Derneğin regülasyon alanında da aktif çalışmalar yürüttüğünü ifade eden Ecevit, Sigortacılık ve Özel Emeklilik Düzenleme ve Denetleme Kurumu (SEDDK) ile yapıcı bir çalışma iklimi içerisinde olduklarını söyledi. Bu kapsamda iki ayrı yazılım projesine odaklandıklarını belirten Ecevit, “Geliştirilen sistemlerle teknik personel girişleri, SEGEM takipleri, adres, ortak ve menfaat değişiklikleri gibi süreçlerin daha hızlı ve verimli şekilde yürütülmesini; aynı zamanda SEDDK’nın ihtiyaç duyduğu verilere daha hızlı erişim sağlamasını hedefliyoruz.

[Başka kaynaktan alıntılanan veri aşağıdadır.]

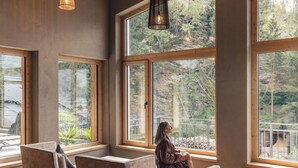 A room with large windows, a wooden bench, and a hanging light fixture. - Hotel Märzenklamm Stumm im Zillertal (Stumm)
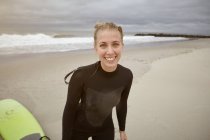 Retrato de una joven surfista en Rockaway Beach, Nueva York, EE.UU. - foto de stock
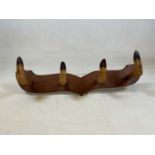 A coat rack fashioned from 4 deer hoovesDimensions: W: 65cm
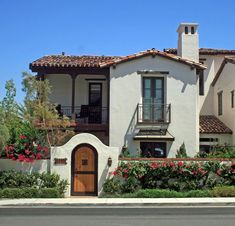 a white house with red flowers in the front yard and a brown door on the side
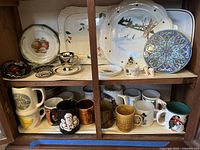 Wide view of cabinet shelves with assorted trays, plates, and coffee mugs arranged on two levels. Top level displays several decorative trays and plates, bottom level has multiple mugs organized side by side.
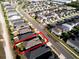 Aerial of a home and its neighborhood, emphasizing the property's location and surrounding landscape at 2749 Hilltop Rd, Clermont, FL 34711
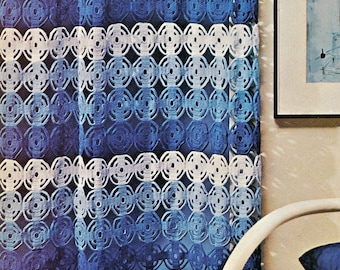 May include: A blue and white crocheted curtain with a repeating circular pattern. The curtain is a gradient of blues, with white accents. The curtain is hanging in front of a window, with a painting and a white chair visible.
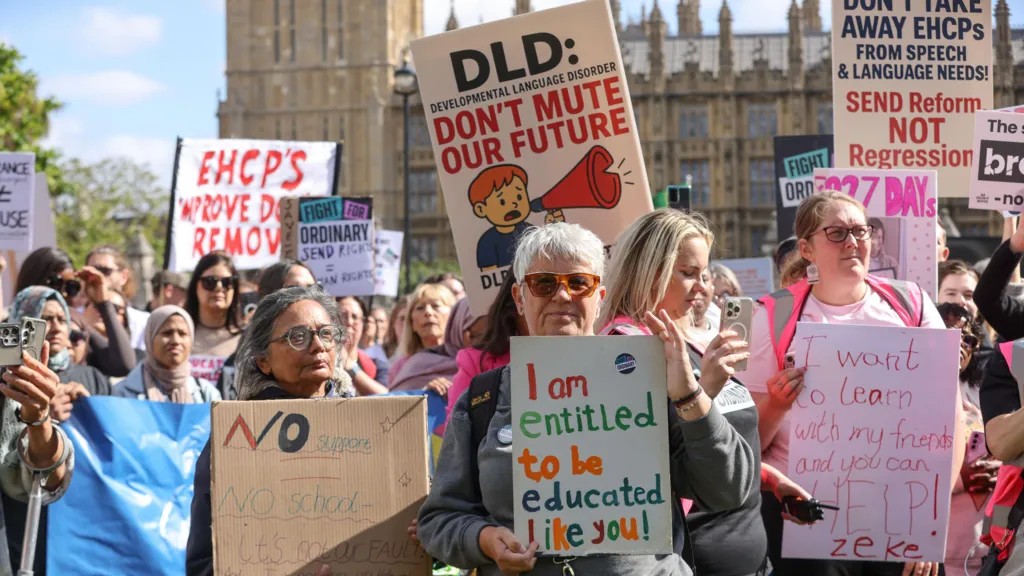 People are standing outside Westminster on a sunny day with placards protesting. They are holding signs regarding Send such as "I am entitled to be educated like you" and "I want to learn with my friends and you can help"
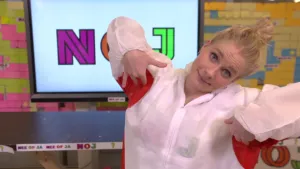 Een foto van presentator Janouk die in de studio staat en zichzelf in haar oksels aan het kietelen is.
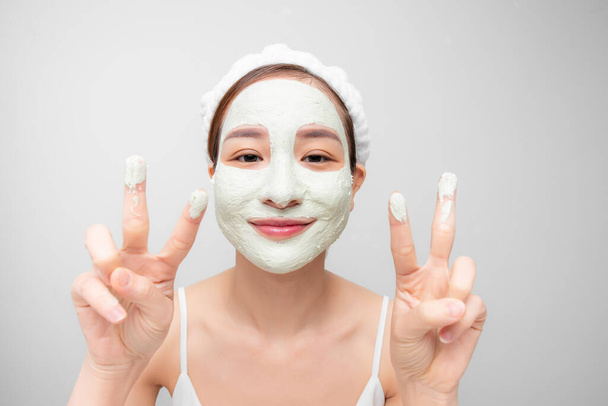 Attraactive young Asian woman with a face clay mask against acne on the face of a woman to rejuvenate the skin - Fotó, kép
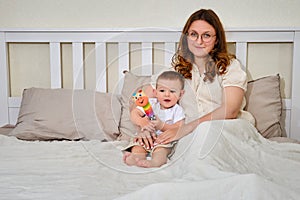 Happy woman with a toddler baby in an empty bed. Smiling mother wit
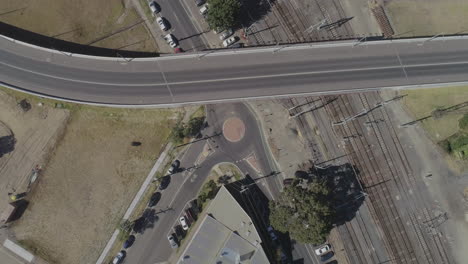 Static-aerial-perspective-of-a-silver-vehicle-entering-and-exiting-round-about-on-summers-day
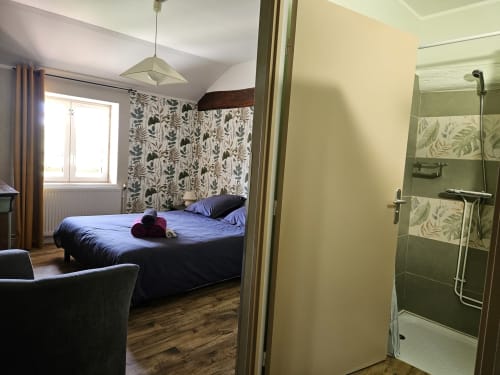 Chambre avec literie bleue et papier peint botanique aux Gîtes Les Muriers, Bourgvilain, douche attenante visible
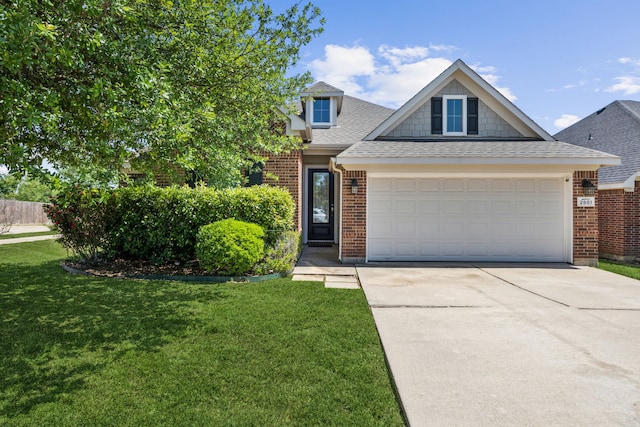 view of front of house featuring brick siding, roof with shingles, driveway, and a front yard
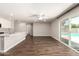 Bright living space with wood floors, a view of the pool, and seamless flow to the kitchen at 1502 E Minton Dr, Tempe, AZ 85282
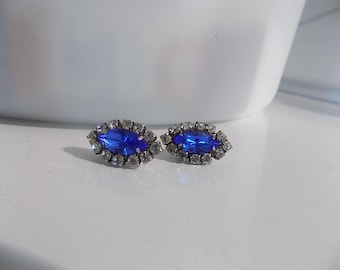 Dainty Blue Sapphire Stud Earrings surrounded by sparkling white cubic zirconia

Dernek içi işleyişe yönelik olarak da aidat takibi ve üye ilişkilerini kapsayan, CRM benzeri bir yazılım altyapısı devreye alındı. Bununla üyeye sunulan hizmet kalitesini artırmayı amaçlıyoruz” açıklamalarında bulundu.

Broker Akademi mesleğin geleceğine stratejik yatırım

Dernek bünyesinde yürütülen çalışmaların önemli bir ayağını eğitim faaliyetlerinin oluşturduğunu belirten Ecevit, Eğitim Komitesi tarafından hayata geçirilen Broker Akademi projesinin brokerlik mesleğinin geleceğine yönelik stratejik bir yatırım olarak kurgulandığını söyledi. Türkiye’de bu alanda bir ilk olma özelliği taşıyan Broker Akademi’nin, brokerlik bünyesinde çalışan, sektöre yeni adım atan ya da meslekte uzmanlaşmak isteyen profesyonellere yönelik olarak tasarlandığını ifade eden Ecevit, Türkiye Sigorta Birliği (TSB) iş birliğiyle yürütülen eğitim programlarının iki dönem halinde gerçekleştirildiğini ve yoğun ilgi gördüğünü kaydetti. Kontenjanların zaman zaman dolduğunu belirten Ecevit, artan talep nedeniyle bazı katılımcıların bir sonraki döneme yönlendirildiğini aktardı.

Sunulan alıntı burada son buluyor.